Open In Colab Download Notebook

DS-MLOps Python Foundations

Python 3.12+ | Author: Anthony Faustine

Before you begin

This notebook assumes you have completed Part 5 (05-matplotlib.ipynb). If you have not, start there: this notebook rebuilds several of its charts on purpose, so the contrast between the two ways of thinking about a plot is concrete rather than abstract.

Part 5 was imperative: you told matplotlib exactly which method to call, in which order, for every piece of the chart. This part is declarative: you describe the data and the mapping you want, and the library works out how to draw it. This style is called the grammar of graphics, and lets-plot implements it in Python the way ggplot2 implements it in R. Part 7 (07-data-storytelling.ipynb) covers what makes a chart good and applies this project’s house style to both libraries.

Topic Why it matters
Declarative vs. imperative The mental model shift that makes the rest of this notebook click
ggplot + aes + geom The three pieces every lets-plot chart is built from
Mapping vs. setting The single most common mistake in any grammar of graphics
Layering Adding a statistical summary on top of raw data, declaratively
Faceting One line to replace a whole manual subplot loop
Titles, labels, and scales Communicating clearly: naming axes, renaming legends, controlling colours

Callout markers used throughout this notebook are explained on the book cover page.

By the end of Part 6 you will be able to:

# Skill Covered in
1 Explain the difference between declarative and imperative plotting Sec. 1
2 Build a chart from ggplot(), aes(), and a geom_*() Sec. 2
3 Distinguish mapping a variable from setting a fixed value Sec. 3
4 Layer a statistical summary on top of raw data Sec. 4
5 Facet one chart into many panels instead of looping over subplots Sec. 5
6 Add titles, axis labels, and control colours with labs() and scale functions Sec. 6

0. Why Grammar of Graphics?

You have already drawn scatter plots with Matplotlib. You called ax.scatter(x, y, c=color, s=size). If you wanted a different geom, you called a different method. If you wanted a trend line, you called yet another. The plot grew by accumulating function calls, each one doing something slightly different.

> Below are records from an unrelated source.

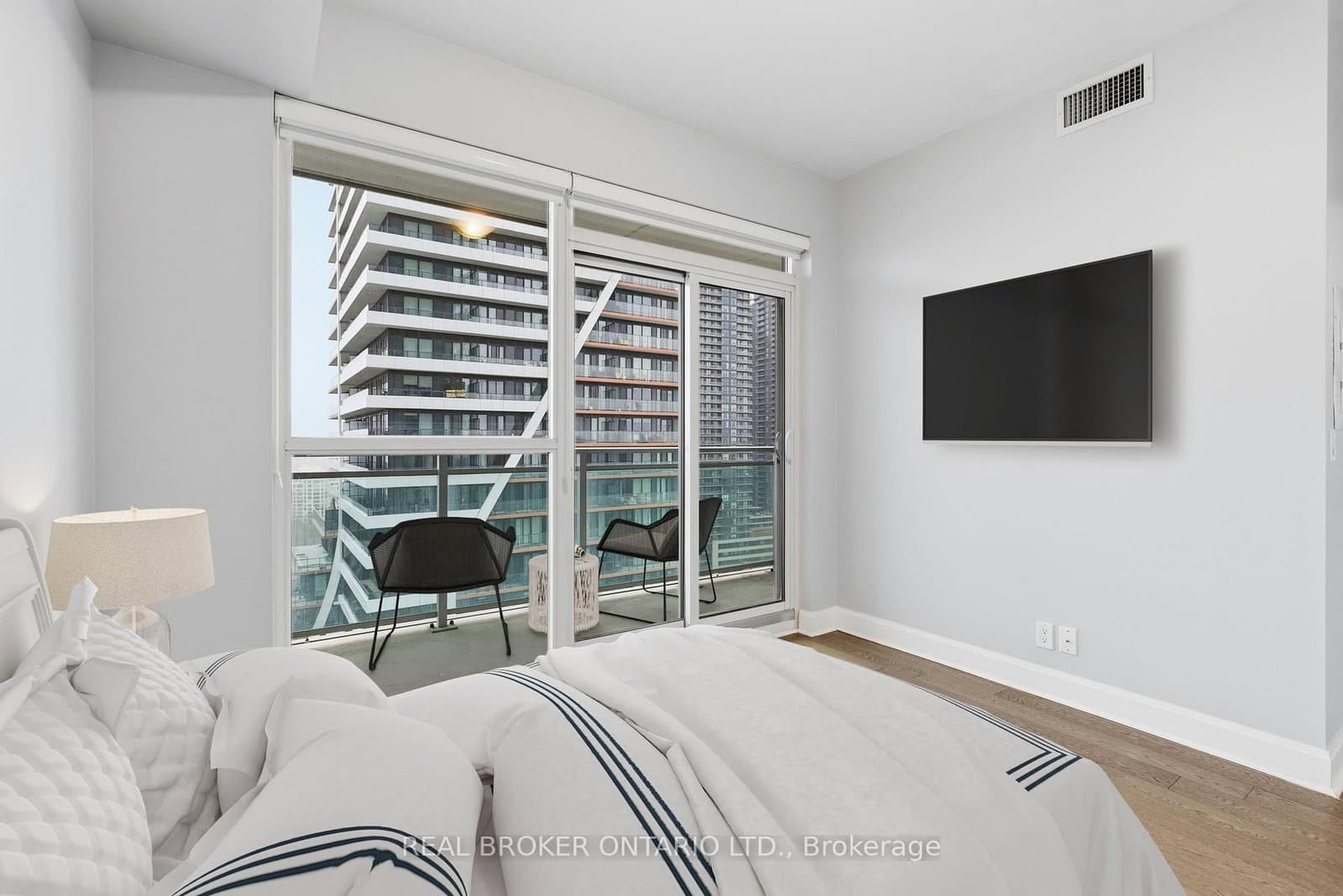 33 Shore Breeze Drive, Unit 1801 thumbnail 12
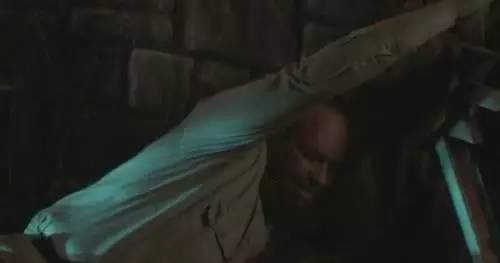 夭寿啊，章鱼上岸进化触手怪凌辱美少女啦！还好有dick警官~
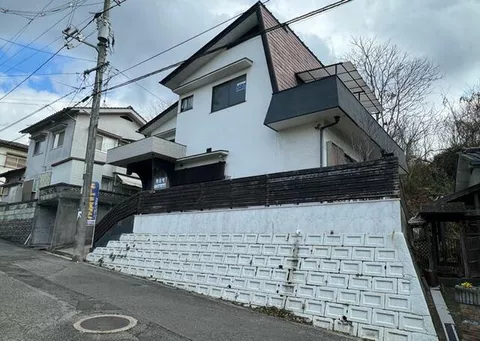 Fukuyama City, Kanbe Town, Oaza Shimotakeda (Goryo Station) 2-story building 5LDK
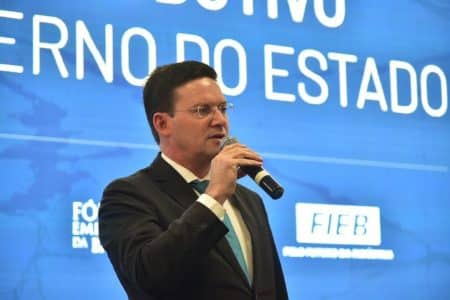 “Os altos impostos têm tirado competitividade da Bahia”, diz Roma em encontro com setor produtivo
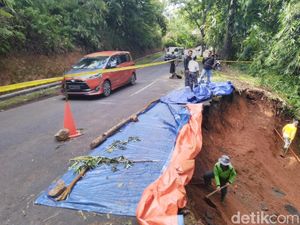 Longsor di Jalur Ciamis-Cirebon, Warga Buka Tutup Arus Lalin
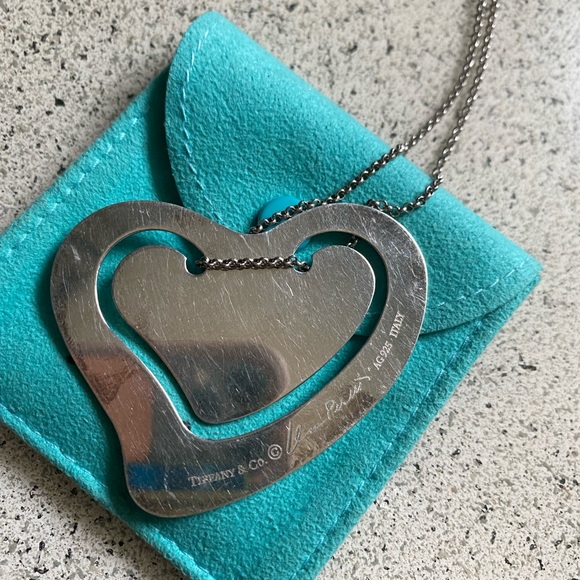 Tiffany&co Elsa Peretti LG vintage $/b card/holder or charm. Chain not included - Picture 9 of 9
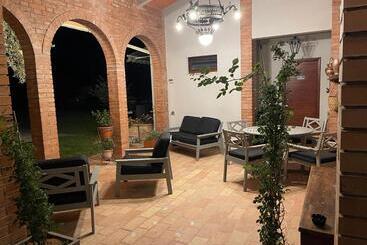 تختخواب و صبحانه Le Balze Camere In Villa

There is another way to think about it. A chart is not a list of drawing commands: it is a mapping from data columns to visual channels (position, colour, shape, size). State that mapping once, and the library figures out how to draw it. Add a layer (a trend line, a rug, a label) and you extend the mapping rather than calling a new drawing function. This is the Grammar of Graphics, introduced by Leland Wilkinson in 1999 and popularised by Hadley Wickham’s ggplot2 for R.

Lets-Plot (lets-plot.org) is JetBrains’ Python implementation of the same grammar. Its API mirrors ggplot2 so closely that R users can read Lets-Plot code without a translation guide. It renders to HTML in Jupyter, to PNG for reports, and (in its Pro edition) to interactive Datalore dashboards.

Alternatives that use the same grammar

Library Language Notes
ggplot2 (ggplot2.tidyverse.org) R The original; Lets-Plot mirrors it deliberately
plotnine (plotnine.org) Python ggplot2 port; similar API, Matplotlib backend
Lets-Plot (lets-plot.org) Python / Kotlin HTML-first output, fast, maintained by JetBrains
Vega-Altair (altair-viz.github.io) Python Different grammar (Vega-Lite), interactive

Already in your environment

uv add lets-plot          # for a standalone project

1. Declarative vs. Imperative

In Part 5, building a scatter plot meant calling ax.scatter() directly: you were the one deciding which function draws which shape. The grammar of graphics flips this around. You describe what the data means (this column is the x position, this column is the colour) and the library decides how to draw it. The same description works whether you add one point or one million, and stays valid even if you later change the chart type entirely.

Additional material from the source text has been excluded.